Lyra independently generates chip-specific code for each algorithm. For example, all the generated variables and tables for algorithm *firewall* are assigned the same prefix-name *firewall*. Thus, there is no shared program-level resource between generated code.

### 8 DISCUSSION

This section discusses Lyra’s implementation details and limitations. More discussions can be found in Appendix D.

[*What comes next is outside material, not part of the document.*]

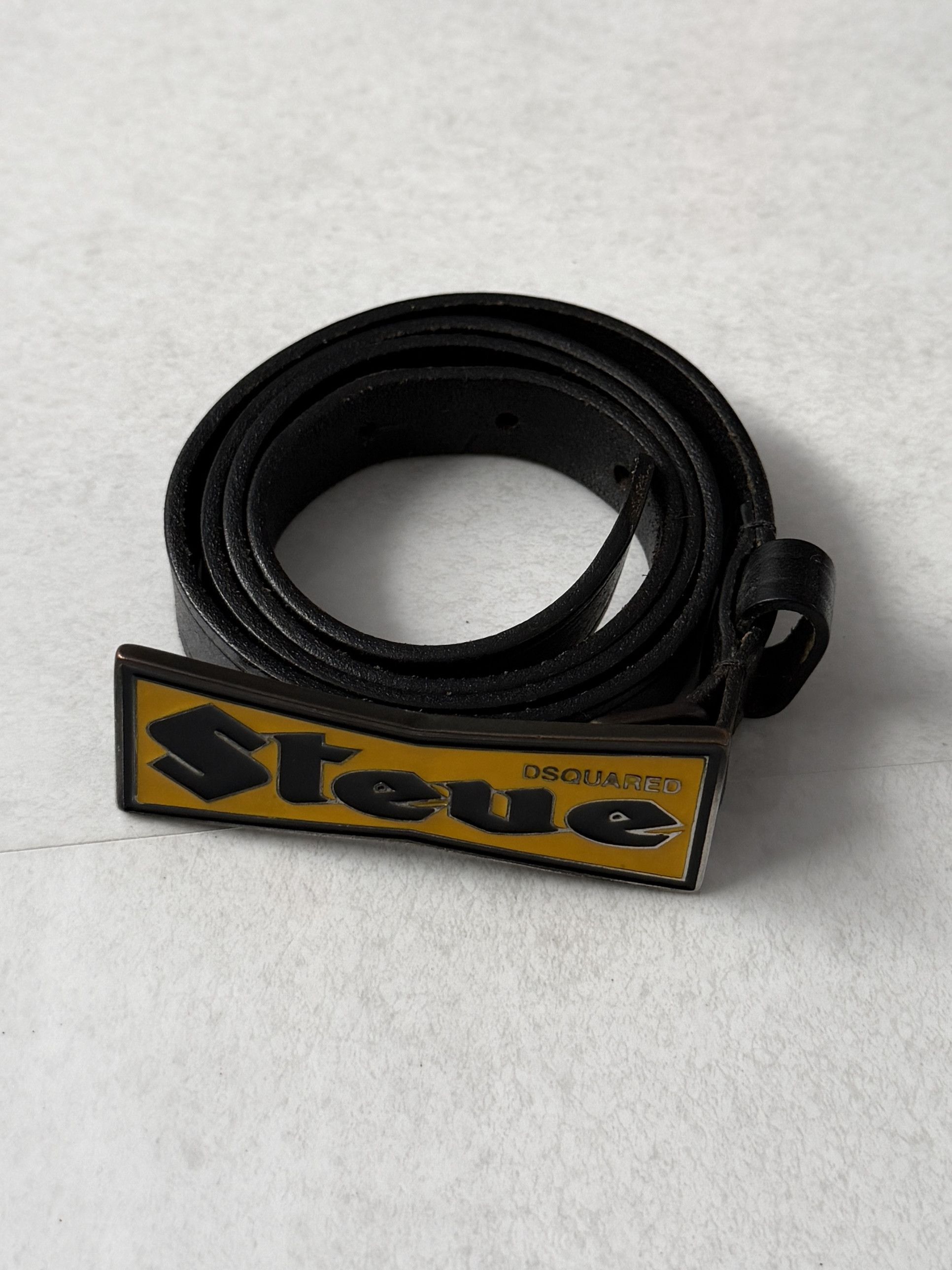 Dsquared2 DSquared2 Lord belt | Grailed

**Does the synthesized code always compile?** It is possible that the synthesized chip code unsuccessfully compiles on the target
ASICs, if some of the constraints are missing from the Lyra compiler. For example, egress timestamp must be collected in the egress pipeline; otherwise, the synthesized P4 code cannot compile on Tofino ASIC or is meaningless. In Lyra, we manually check and encode ASIC’s resource constraints based on the ASIC specifications provided by the chip vendors. By far, while we are not aware of any “constraint missing” cases, we cannot exclude such a possibility. Thus, we offer an encoding template for the programmers to encode the missed constraints as a plug-in patch for Lyra.

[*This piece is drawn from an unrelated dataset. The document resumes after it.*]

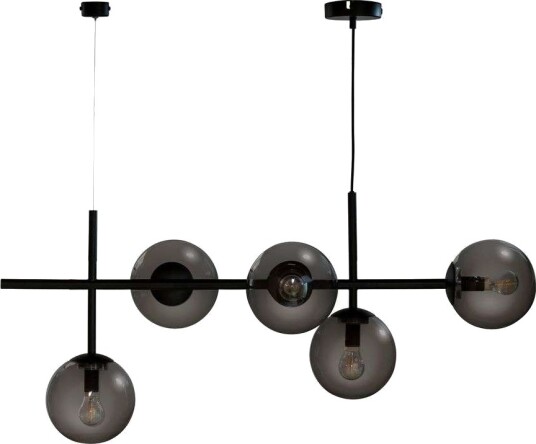 Dyberg Larsen Como Taklampe Sort Dyberg Larsen Como Taklampe Sort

Recirculation. P4 supports recirculation and resubmission, which allows the packet to go through the pipeline one more time. In Lyra, the programmers need to explicitly define the recirculation, as there is no switch concept in Lyra. Instead, Lyra uses the recirculation as an optimization method to pack a longer program into one switch.

Copy-to-cpu. Both P4 and NPL support sending a copy of the current packet to the switch’s CPU but in different ways. Lyra provides a uniformed API called copy_to_cpu() to enable such a function. This API is translated into the corresponding APIs in different languages. Similar to the control plane interface, the programmer only needs to focus on what to do with the copied packet, rather than taking care of which switch the packet is copied at.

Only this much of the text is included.